Il percorso parte da lontano. Lo sa bene Rui Águas, portoghese, oggi sessantacinquenne, in due riprese commissario tecnico della nazionale capoverdiana. La sua biografia parla da sola: mito del calcio portoghese negli anni Ottanta e Novanta, con decine di gol in Nazionale e titoli vinti tra Benfica e Porto, ha chiuso la carriera in Italia, giocando nella Reggiana in Serie A. «A Capo Verde ho vissuto alcuni dei momenti migliori della mia carriera», racconta a Undici. «Sono sposato con una cittadina capoverdiana, quindi il mio legame con loro è davvero speciale. È un Paese povero ma vive il calcio, soprattutto la Nazionale, con un’intensità enorme. Oggi il turismo è la principale fonte di reddito del Paese. Partecipare al Mondiale migliorerebbe molto la situazione nel suo complesso». Quando gli chiediamo quale sia il segreto della continuità calcistica di un piccolo arcipelago africano, il tecnico portoghese ci spiega la ricetta: «Capo Verde è un Paese di emigranti e poi c’è il talento naturale: credo che questa sia la risposta.
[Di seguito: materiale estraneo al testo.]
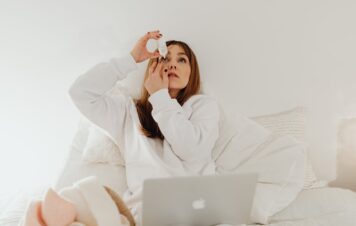 Zapalenie spojówek: objawy, leczenie i diagnostyka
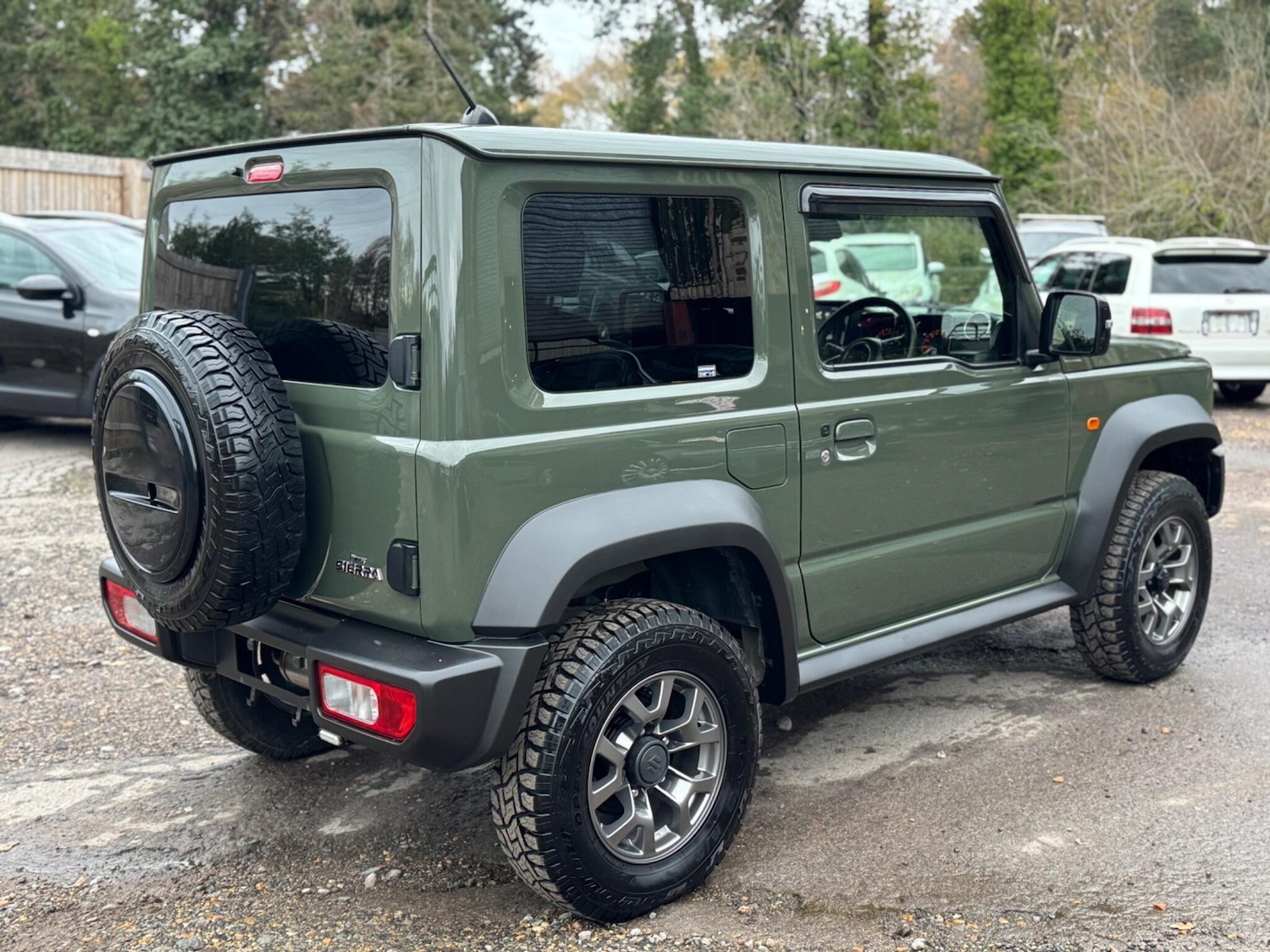Used Suzuki Jimny for sale - 76635404: Photo 32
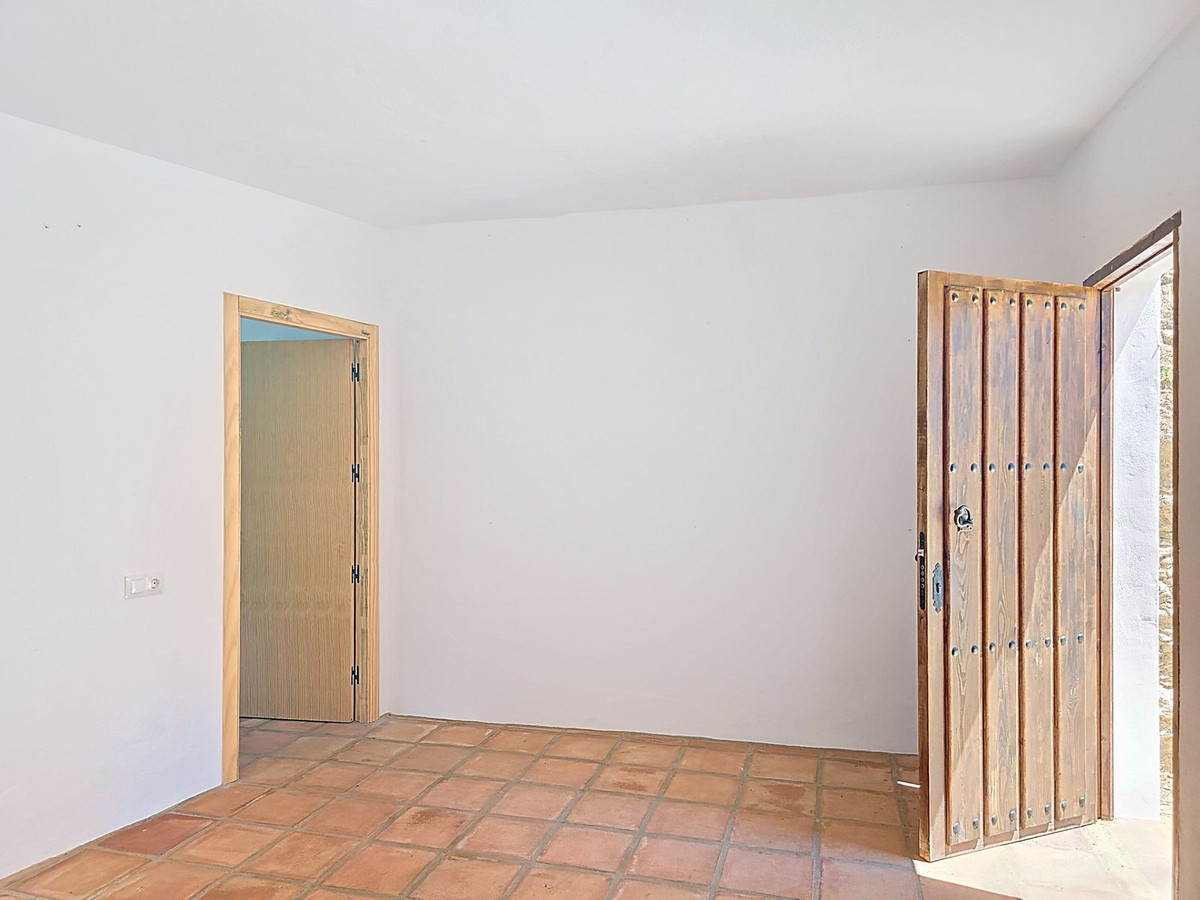 Huis te koop in Sedella | 4 slaapkamers H5025835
I giocatori crescono e competono all’estero, poiché in patria non esiste un vero e proprio calcio professionistico». Rui Águas non ha dubbi: Capo Verde può essere un modello per tutta l’Africa: «La squadra ha dimostrato che con volontà e organizzazione tutto è possibile. Ho sempre sentito un grande desiderio di rappresentare il Paese e di portare gioia alla gente con i risultati. È un popolo che si adatta e resiste alle difficoltà, non solo in Portogallo ma anche nei Paesi Bassi, in Francia, negli Stati Uniti e altrove».

Intanto, mentre la festa continua, il pensiero corre al sorteggio del 5 dicembre, a Washington, dove Capo Verde scoprirà le sue avversarie per la fase finale del Mondiale che si disputerà dall’11 giugno al 19 luglio 2026 tra Stati Uniti, Canada e Messico. E la Nazionale potrà contare, tra i suoi sostenitori, sul sostegno di una diaspora imponente. Sono più di un milione e mezzo i capoverdiani sparsi per il mondo, tre volte la popolazione residente. Li trovi a Boston, Providence, Rotterdam, Marsiglia. E anche nel Lussemburgo, dove vive una delle comunità capoverdiane più numerose e radicate d’Europa, presente da oltre cinquant’anni. Famiglie intere hanno seguito la partita dagli smartphone, dalle radio, dagli schermi montati nei centri comunitari. Il boato dell’arcipelago si è sentito anche lì, anche qui, ovunque. Capo Verde è la parte più occidentale dell’Africa, un arcipelago sospeso sull’Oceano, quasi una premonizione geografica. Da sempre guarda verso l’altrove. Verso l’America. Verso il sogno. Oggi quel sogno ha preso una forma concreta. Per una volta, l’Oceano non separa, ma unisce. E davvero, l’America non è mai stata così vicina.